In groups of 10 to 12, people were allowed to go. Dr. Puzas, Mr. King, and their wives were in the fourth group. As they moved toward the exits, a gunman behind them opened fire.

“We had assumed it was safe,” says Mr. King. “But as we turned the corner, we heard a tremendous ‘crack, crack, bang!’ It was quite a shock.”

The group scrambled toward the exit and ran into the street. Hotel staff guided them to a bus that took them to a nearby hotel, where mattresses were laid out on the ballroom floor.

“We didn’t get a lot of sleep,” says Mr. King. “Every 15 minutes or so more people would arrive or someone would come with more news. We tried to contact family and people at the conference.”

Getting home
On Friday morning, they went to the U.S. Consulate. Because all their possessions—including passports and visas—were still in their hotel rooms, they had to replace these documents before re-entering the United States, and obtain an exit visa in order to leave India. As a British and Canadian citizen, Mr. King got a passport from the British Consulate. Then, they all went to the airport for their exit visas.

“Soldiers wouldn’t let anyone without a boarding pass and valid papers into the airport,” says Mr. King. “I didn’t have that.

So, I was escorted in by armed guard.”

Since arriving home, Dr. Puzas and Mr. King have been trying to replace lost laptops, Blackberries, cell phones, and other items.

“When we got home late Saturday night,” adds Dr. Puzas, “we had to break into our house because we had no keys.”

Reflecting on the attacks
Dr. Puzas says that he made it through the experience by living moment by moment.

“We did what we had to do,” he says. “It still seems surreal that we were in the middle of it.”

The experience opened his eyes to the deep-rooted tensions between India and Pakistan.

“I didn’t realize how much friction exists between those two countries,” says Dr. Puzas. “If any evidence that the government of Pakistan was supporting this is found, I think relations will really deteriorate.”

Mr.

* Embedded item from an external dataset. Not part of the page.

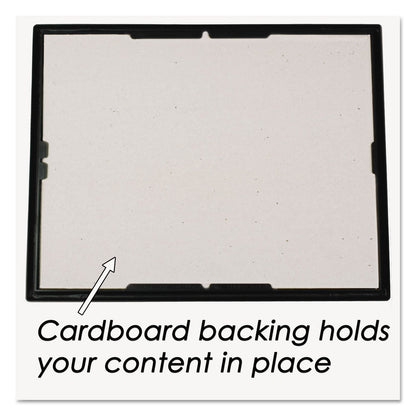 NuDell EZ Mount Document Frame with Trim Accent and Plastic Face, Plastic, 8.5 x 11 Insert, Black/Gold, 18/Carton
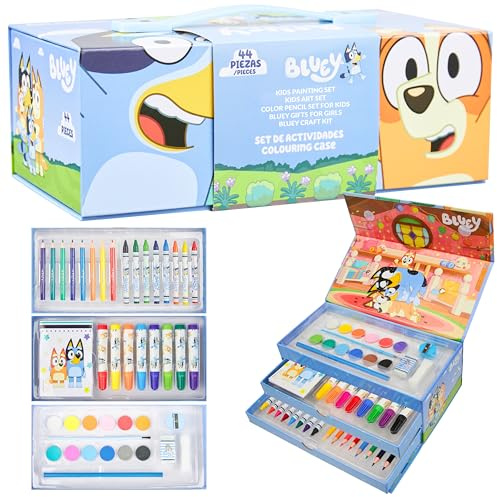 Bluey Malkoffer für Kinder Malset mit Buntstifte Wachsmalstifte Wasserfarben Künstlerbedarf Kinder - Malkasten Geschenke für Kinder (Blaues 3-stöckiges)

King felt a sense of déja-vû as he lived through the events that occurred in Mumbai.

“I was in the Mexico City earthquake in 1985,” he says. “This experience made me say, ‘Here we go again.’ It was another amazing event that I didn’t want to be a part of, but I was. The experience also made me think about the people who are constantly in harm’s way every day—in Iraq and Afghanistan, for example.”

He was also touched by the bravery of the hotel staff.

“Many of their colleagues were victims,” says Mr. King. “The hotel manager was helping guests when his wife and two daughters were caught in the fire and died. He carried on afterwards, continuing to do his job.”